I also could not get up on my chicken coop so slop the Kool seal on with a cheap string mop, it's how I handled my rusting problem on mine! Vicki


----------



## Guest (Nov 6, 2006)

tamsam said:


> Ok again cut some small squares of something even wax paper and put a dap of what ever you are using to seal the holes and push it on the hole from the bottom . Just make sure some goes into and through the hole. Then just leave the paper or handi wrap or whatever you use there to help hold caulk in the holes. Good luck. Tamsam


 Great idea!! That seems so obvious I don't know why I didn't think of it. I could push quite a bit through.


----------



## tamsam (May 12, 2006)

You really don't need to push up a lot, just enough to fill the hole and enough to stick to the under side of the tin. Good luck Tamsam


----------



## SmartAZ (Sep 17, 2006)

Well first you are supposed to drive the nails in the high part of the corrugations. But since that wasn't done, I suggest you cut small patches of galvanized metal and solder them to the underside. That should be a permanent fix. You'll need a fairly large soldering iron.

When galvanized metal gets wet and the base metal (iron) is exposed, it sets up a battery and plates zinc onto the exposed iron, which blocks further corrosion. That's why you want to patch the holes with galvanized metal. You want the patch on the underside so your solder is not exposed to the weather (much).


----------



## comfortablynumb (Nov 18, 2003)

Ive had to do this, the caulk gun with tubes of silicone, or tubes of wetdry roof cement works... you dont need to patch the holes the goop thaat squirts out the tother side sets up and forms a nice plug.


----------



## electronrider (Nov 10, 2004)

If they are nice solid holes, why not use pop rivetes?


----------



## texican (Oct 4, 2003)

Ladycat,
as an aside,
if your chickens are roosting under your shed, be aware, if we "ever" get snow again, their's a good chance of the whole thing falling down. The weight of the snow will be many times as much as your weight... 

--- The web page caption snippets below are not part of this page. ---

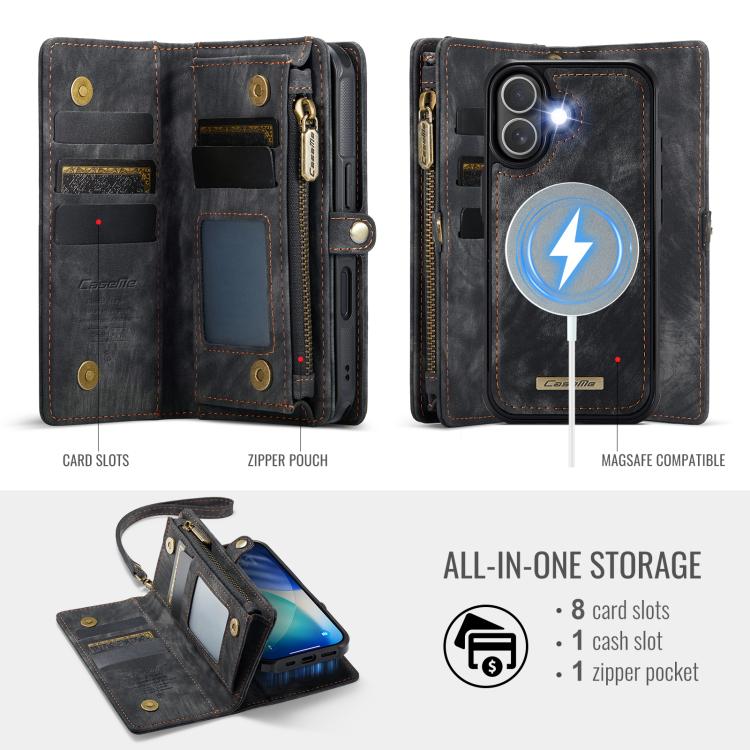 For iPhone 17 CaseMe 008 Detachable Multifunctional Leather Phone Case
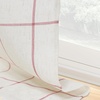 image:imageDriftAway Kitchen Curtains Striped Tier Linen Short Curtains Windowpane Plaid Cafe 45 Inch Length for Living Room Bathroom Chris Farmhouse Rustic Rod Pocket 2 Panels GrayPlaid Red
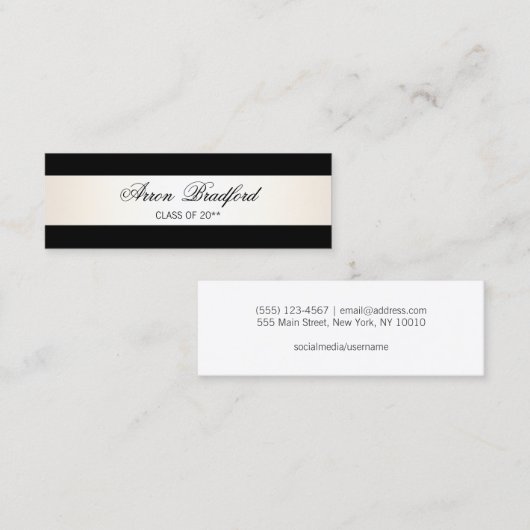 Zwart Formal Afstuderen Naam Kaart behuizing Contactkaartje (Voorkant / Achterkant)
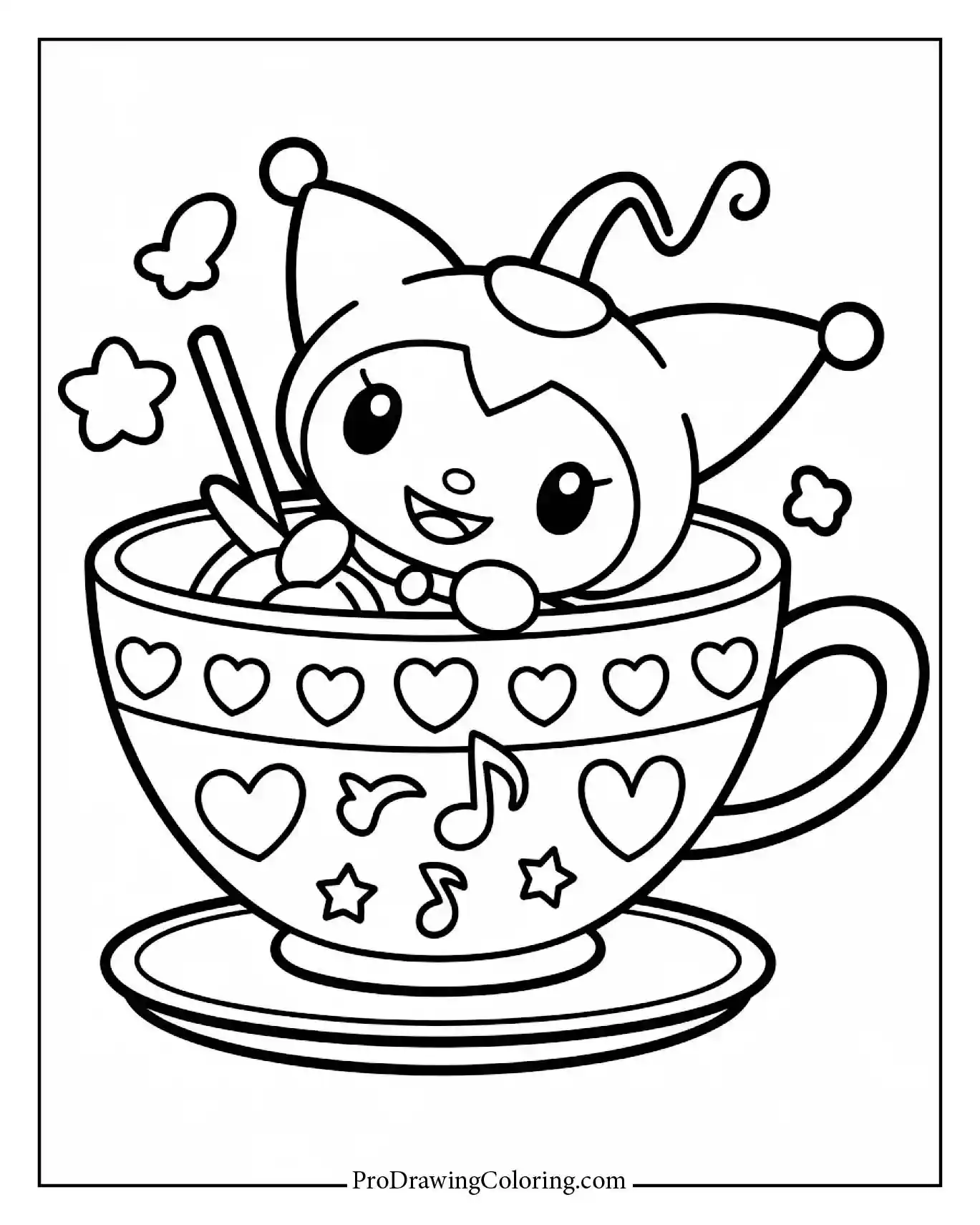 Sparkling Kuromi in a teacup coloring page, elegant aesthetic, great for developing motor skills.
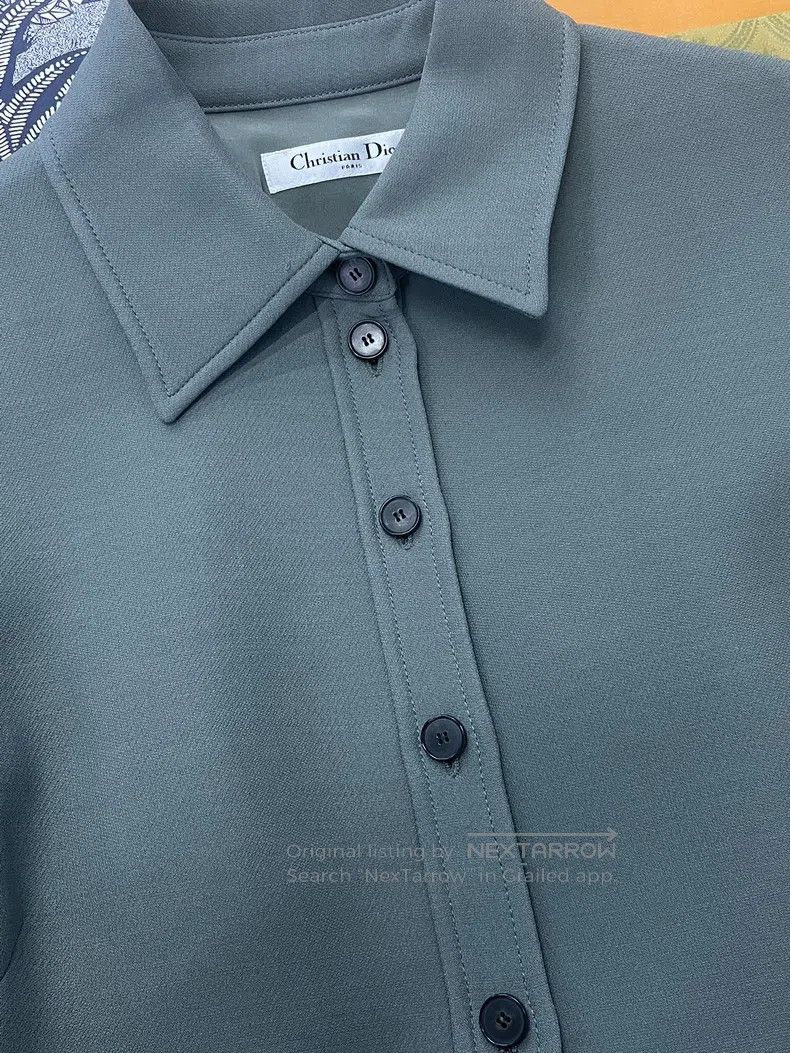 Dior Dior Blue-green silk wool doll collar dress Size XS / US 0-2 / IT 36-38 - 2 Thumbnail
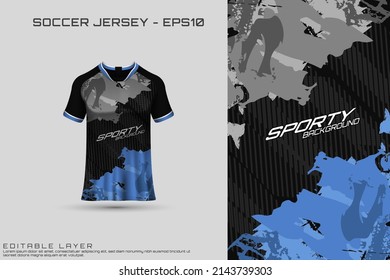 Sports jersey and t-shirt template sports jersey design vector mockup. Sports design for football, racing, gaming jersey. Vector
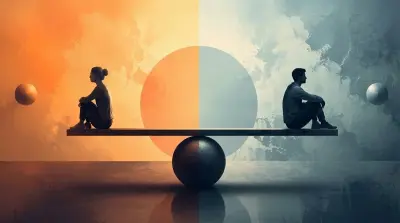 Two figures sit apart on a balanced beam, split by warm and cool tones, symbolizing tension.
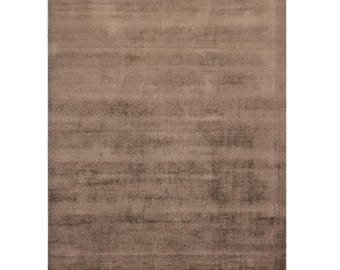 Tappeto in seta Tencel color cioccolato, tappeto tosato a mano, tappeto moderno astratto di lusso, tappeto in seta morbida e lucida per soggiorno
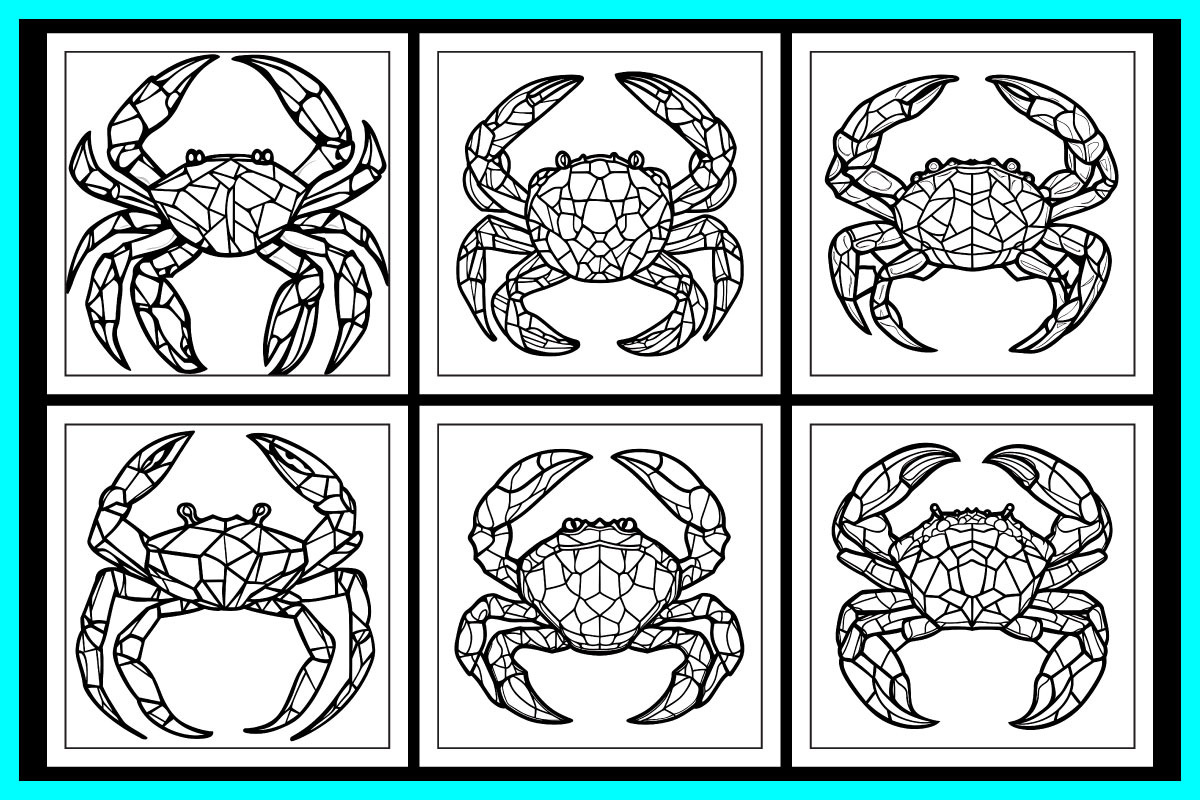 Stained Glass Crab Coloring Pages, an Animal Illustration by protabsorkar11 (Photo 5 of 6)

A neighbor built a nice carport, and was unlucky enough to have a nice snowpack on it the first winter... it would have stood forever... if it hadn't snowed... it collapsed from the six inch pack of snow and ice...

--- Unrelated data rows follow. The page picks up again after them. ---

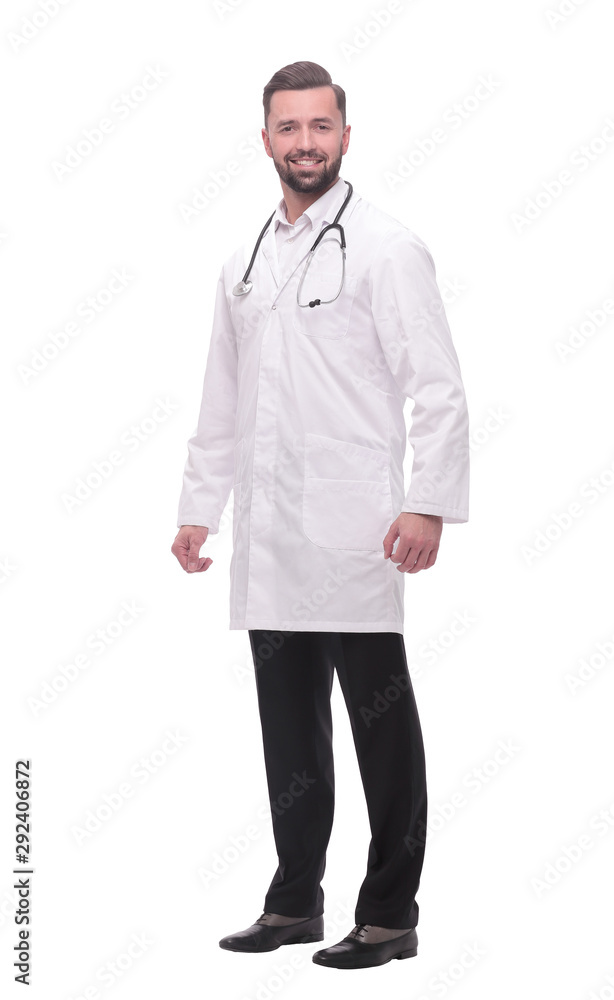 in full growth. a successful doctor is a therapist with a stethoscope in full growth. a successful doctor is a therapist with a stethoscope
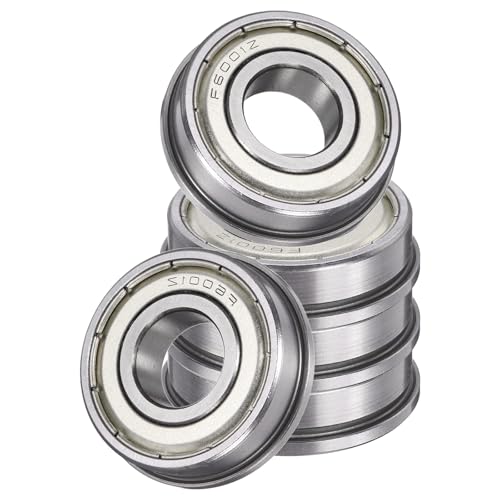 uxcell 5Pcs F6001ZZ Flanged Ball Bearings, 12 x 28 x 8mm Double Shielded Chrome Steel Deep Groove Bearing, ABEC5 - size: F6001ZZ 12 x 28 x 8mm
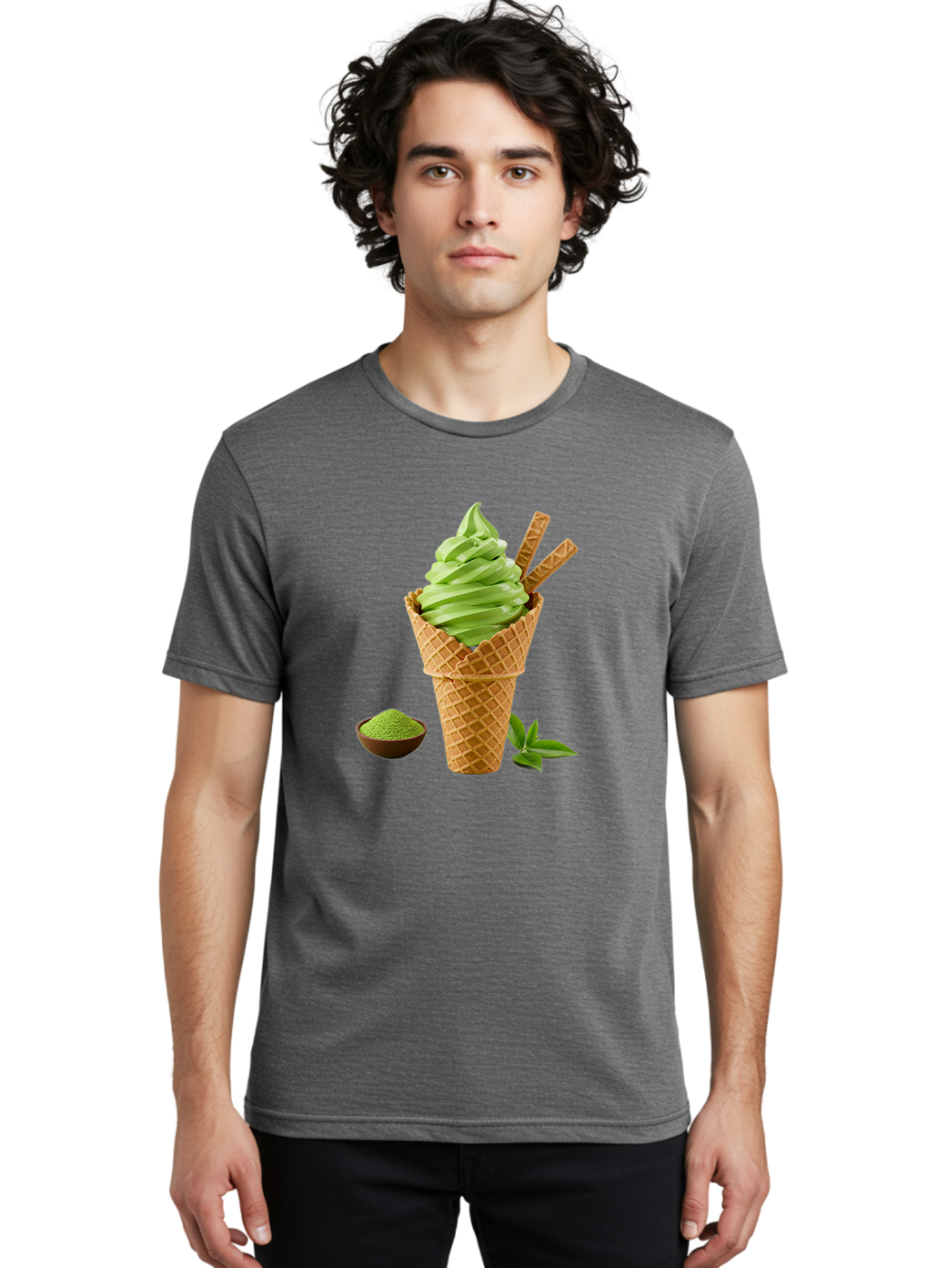 Matcha-Ice-Cream-Cone-1 Men'S Graphic Tee, 100% Cotton, Comfortable Casual Summer Wear, Machine Washable, Matcha Ice Cream Cone, Soft-Serve Ice Cream, Green Tea, Japanese Dessert, Matcha Powder, Summer Treat, Ice Cream, Green Tea Ice Cream, Baa991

If there's a chance of collapse, you could place a few 2x4s under the roof and brace them with more 2 by's... get up and fix the roof, and take down the bracing and use elsewhere....

good luck


----------



## C L (Sep 22, 2020)

rambler said:


> I'd use silicon in a caulk gun from above. The clear stuff, 100% silicon.
> 
> I don't know if that is the best, but it works for me.
> 
> ...


----------



## C L (Sep 22, 2020)

i sealed about 30 nail holes to recycle 4 sheets, 3x10 roofing tin with caulk on a penny... stil sticking 18 years later... water based 30 year caulk... silicon is too hard to clean up🌸


----------



## RobertDane (Feb 14, 2020)

Yep...caulking will do the trick


----------



## Fishindude (May 19, 2015)

Bearfootfarm said:


> If its only 6 feet tall you should be able to stand on a tall step ladder and reach it with a long handled roller.


Yep ! Then mop some heavy tar or semi-liquid roofing material like they coat mobile home roofs with on it.
Easier yet, drape a plastic tarp over top of everything and tie it down.


----------